TASK INSTRUCTIONS. Could you reproduce, word for word, everything below from the line containing "Engage Frost Deodorant" down to the line containing "Fortress S425 mobility", with both of those lines included and no others?

DATA TO PROCESS below:

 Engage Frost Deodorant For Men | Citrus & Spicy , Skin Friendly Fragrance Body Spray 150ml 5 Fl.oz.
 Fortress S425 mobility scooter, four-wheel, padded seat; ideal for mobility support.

End of DATA TO PROCESS.
DATA TO PROCESS below:

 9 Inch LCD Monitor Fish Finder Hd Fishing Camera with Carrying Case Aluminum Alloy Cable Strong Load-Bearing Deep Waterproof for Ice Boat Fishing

End of DATA TO PROCESS.

ANSWER TO THIS PROBLEM.
 Engage Frost Deodorant For Men | Citrus & Spicy , Skin Friendly Fragrance Body Spray 150ml 5 Fl.oz.
 Fortress S425 mobility scooter, four-wheel, padded seat; ideal for mobility support.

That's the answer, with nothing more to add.